I noticed the other day that this book, Voyage of the Sparrowhawk, has won the children's book category of the Costa award, and so I decided to send for it. The afternoon it arrived, on a cold grey day when the obvious thing to do was to curl up with a good book, I settled down on the settee and got stuck in.
It's 352 pages long, and other than getting up to make a cup of tea, I barely looked up until I'd read it. It's that entertaining.
Set just after the First World War, it's about two orphans, Lotti and Ben. Lotti's parents, wealthy, charming, and very much in love, both with each other and with their little daughter, are killed in a plane crash. Lotti inherits their beautiful house and their money - but her guardian is her ghastly uncle, Hubert Netherbury, who is a cruel bully who wants to enjoy her house and money and, seeing Lotti as an inconvenience, packs her off to an unpleasant boarding school.
The story starts when she is twelve. Having just run away from school, she meets Ben and they become firm friends. Ben's background is far less privileged. Having spent his early years in a horrible orphanage, he is rescued by Nathan, a kindly barge owner. Nathan comes across Ben and his older friend Sam and, moved by their plight, takes them in. However, a few years later the war intervenes. Sam joins up and is injured. Nathan goes to France to see him in hospital, and is killed in a bombing raid: Sam is missing, presumed dead.

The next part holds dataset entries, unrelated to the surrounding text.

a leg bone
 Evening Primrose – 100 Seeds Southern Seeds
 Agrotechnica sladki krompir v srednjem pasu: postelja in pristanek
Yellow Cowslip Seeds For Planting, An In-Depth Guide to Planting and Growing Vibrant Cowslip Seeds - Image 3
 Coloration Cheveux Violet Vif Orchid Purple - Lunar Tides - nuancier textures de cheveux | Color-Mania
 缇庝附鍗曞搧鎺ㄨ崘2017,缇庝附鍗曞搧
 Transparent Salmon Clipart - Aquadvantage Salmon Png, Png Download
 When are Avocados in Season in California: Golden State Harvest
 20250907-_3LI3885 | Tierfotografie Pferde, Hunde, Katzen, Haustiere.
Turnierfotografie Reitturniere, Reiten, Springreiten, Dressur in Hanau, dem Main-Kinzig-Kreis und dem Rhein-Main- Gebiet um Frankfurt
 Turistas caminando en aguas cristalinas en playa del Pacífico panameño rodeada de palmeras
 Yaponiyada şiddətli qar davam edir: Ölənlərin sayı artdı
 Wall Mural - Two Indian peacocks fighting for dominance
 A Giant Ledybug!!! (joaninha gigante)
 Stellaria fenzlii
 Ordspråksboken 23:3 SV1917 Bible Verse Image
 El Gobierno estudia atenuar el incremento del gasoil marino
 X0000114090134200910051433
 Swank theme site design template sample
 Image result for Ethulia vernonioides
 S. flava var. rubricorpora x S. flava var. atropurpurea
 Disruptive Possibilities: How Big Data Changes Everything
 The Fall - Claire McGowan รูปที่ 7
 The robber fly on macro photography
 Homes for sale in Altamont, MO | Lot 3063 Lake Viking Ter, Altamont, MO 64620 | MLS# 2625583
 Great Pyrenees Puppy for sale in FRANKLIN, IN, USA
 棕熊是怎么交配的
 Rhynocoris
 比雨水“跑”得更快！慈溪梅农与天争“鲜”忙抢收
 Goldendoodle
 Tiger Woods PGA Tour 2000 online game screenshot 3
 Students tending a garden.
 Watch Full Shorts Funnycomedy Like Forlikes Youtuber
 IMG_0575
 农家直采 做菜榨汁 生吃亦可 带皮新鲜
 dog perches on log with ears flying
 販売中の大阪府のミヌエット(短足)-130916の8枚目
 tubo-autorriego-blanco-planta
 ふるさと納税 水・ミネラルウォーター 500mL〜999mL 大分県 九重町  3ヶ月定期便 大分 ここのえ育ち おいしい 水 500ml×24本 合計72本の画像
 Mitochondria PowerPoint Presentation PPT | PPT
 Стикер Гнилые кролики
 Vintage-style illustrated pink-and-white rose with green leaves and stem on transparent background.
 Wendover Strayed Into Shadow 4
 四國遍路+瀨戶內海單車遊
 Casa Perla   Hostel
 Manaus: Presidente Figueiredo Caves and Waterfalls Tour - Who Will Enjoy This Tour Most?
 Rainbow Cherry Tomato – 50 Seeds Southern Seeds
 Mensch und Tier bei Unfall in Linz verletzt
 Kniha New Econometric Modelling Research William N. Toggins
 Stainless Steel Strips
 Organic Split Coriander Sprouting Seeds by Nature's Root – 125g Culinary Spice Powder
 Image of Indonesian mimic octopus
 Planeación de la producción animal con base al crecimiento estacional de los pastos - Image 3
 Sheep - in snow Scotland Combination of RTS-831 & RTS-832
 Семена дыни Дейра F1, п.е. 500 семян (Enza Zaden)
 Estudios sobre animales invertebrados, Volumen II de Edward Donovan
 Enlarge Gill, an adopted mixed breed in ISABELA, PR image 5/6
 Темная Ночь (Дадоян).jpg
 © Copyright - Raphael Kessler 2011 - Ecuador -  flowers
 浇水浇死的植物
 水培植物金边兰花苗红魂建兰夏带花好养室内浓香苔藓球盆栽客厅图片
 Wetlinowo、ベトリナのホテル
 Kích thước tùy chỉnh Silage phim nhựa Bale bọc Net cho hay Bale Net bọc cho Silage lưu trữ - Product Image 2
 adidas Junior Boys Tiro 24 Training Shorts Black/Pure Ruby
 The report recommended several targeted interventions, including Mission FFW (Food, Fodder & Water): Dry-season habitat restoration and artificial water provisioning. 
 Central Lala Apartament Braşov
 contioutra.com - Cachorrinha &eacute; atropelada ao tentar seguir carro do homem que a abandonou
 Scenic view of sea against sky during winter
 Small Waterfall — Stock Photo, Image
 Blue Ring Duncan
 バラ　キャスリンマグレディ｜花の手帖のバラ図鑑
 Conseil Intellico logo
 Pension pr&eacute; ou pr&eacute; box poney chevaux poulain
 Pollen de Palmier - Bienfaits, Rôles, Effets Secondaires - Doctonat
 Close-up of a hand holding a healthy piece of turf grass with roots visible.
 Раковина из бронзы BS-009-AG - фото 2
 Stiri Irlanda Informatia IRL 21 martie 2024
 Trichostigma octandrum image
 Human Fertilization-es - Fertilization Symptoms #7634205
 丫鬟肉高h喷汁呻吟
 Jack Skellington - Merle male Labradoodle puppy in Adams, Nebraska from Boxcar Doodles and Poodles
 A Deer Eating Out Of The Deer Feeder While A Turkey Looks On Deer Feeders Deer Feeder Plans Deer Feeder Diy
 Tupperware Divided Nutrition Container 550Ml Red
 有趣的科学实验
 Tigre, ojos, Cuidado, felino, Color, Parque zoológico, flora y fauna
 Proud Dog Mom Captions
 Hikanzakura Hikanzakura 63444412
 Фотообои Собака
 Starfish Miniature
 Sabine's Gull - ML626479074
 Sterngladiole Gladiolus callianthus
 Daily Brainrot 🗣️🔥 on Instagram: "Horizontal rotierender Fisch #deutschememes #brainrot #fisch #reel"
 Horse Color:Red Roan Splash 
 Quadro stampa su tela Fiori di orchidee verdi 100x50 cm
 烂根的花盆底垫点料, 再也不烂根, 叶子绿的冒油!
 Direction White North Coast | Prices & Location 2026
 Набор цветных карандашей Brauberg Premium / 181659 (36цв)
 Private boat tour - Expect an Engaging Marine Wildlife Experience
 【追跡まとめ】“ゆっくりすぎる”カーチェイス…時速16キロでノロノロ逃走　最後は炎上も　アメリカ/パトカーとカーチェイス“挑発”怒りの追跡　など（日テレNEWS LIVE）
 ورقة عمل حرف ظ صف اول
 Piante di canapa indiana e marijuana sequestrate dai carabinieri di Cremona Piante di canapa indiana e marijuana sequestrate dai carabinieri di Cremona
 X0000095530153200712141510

By coincidence, the hospital is close to the village where Lotti's beloved grandmother lives. Strangely, she has lost touch with her grandmother; though she has written many letters to her, she has never heard back.
But then various things happen which convince the two of them that they have no choice but to run away - and to where else but that village in France? And in what but Nathan's old barge, the Sparrowhawk? With them are their two dogs, which help to move the action along nicely.
The charm of the book is largely in its characters - not just Lotti and Ben, but their supporting cast of friends and helpers. They are generous, spiky, kind, practical, funny, brave, and Natasha Farrant tells their stories with crispness and panache. It's not all spun sugar: there are instances of real cruelty, there's jeopardy - and there are quite a few deaths.
When you start to write books for children, someone will point out to you quite early on that you need to devise a way to get rid of parents. Otherwise, how can your child heroes have the adventures they need to keep readers turning the pages? Back in the olden days, Enid Blyton did it with a flourish: off the kids would go to boarding school, and in the holidays to Kirrin Island. Convalescence from a serious illness was another goody, as with Will Stanton in Susan Cooper's The Grey King. Or there's always a wardrobe. Natasha Farrant ruthlessly wipes out , not one, but two set of parents here. (Interestingly, I heard Frank Cottrell Boyce on the radio the other day, talking about the Moomins - and he pointed out that in the Moomin books, this doesn't happen: the family is at the centre of the books. Each member is important, and when an adventure is afoot, the parents aren't necessarily left out of it.)
All that aside, this is a wonderfully readable and exciting book: perfect for distracting children - and yes, adults too - from these rather dreary days in which we find ourselves.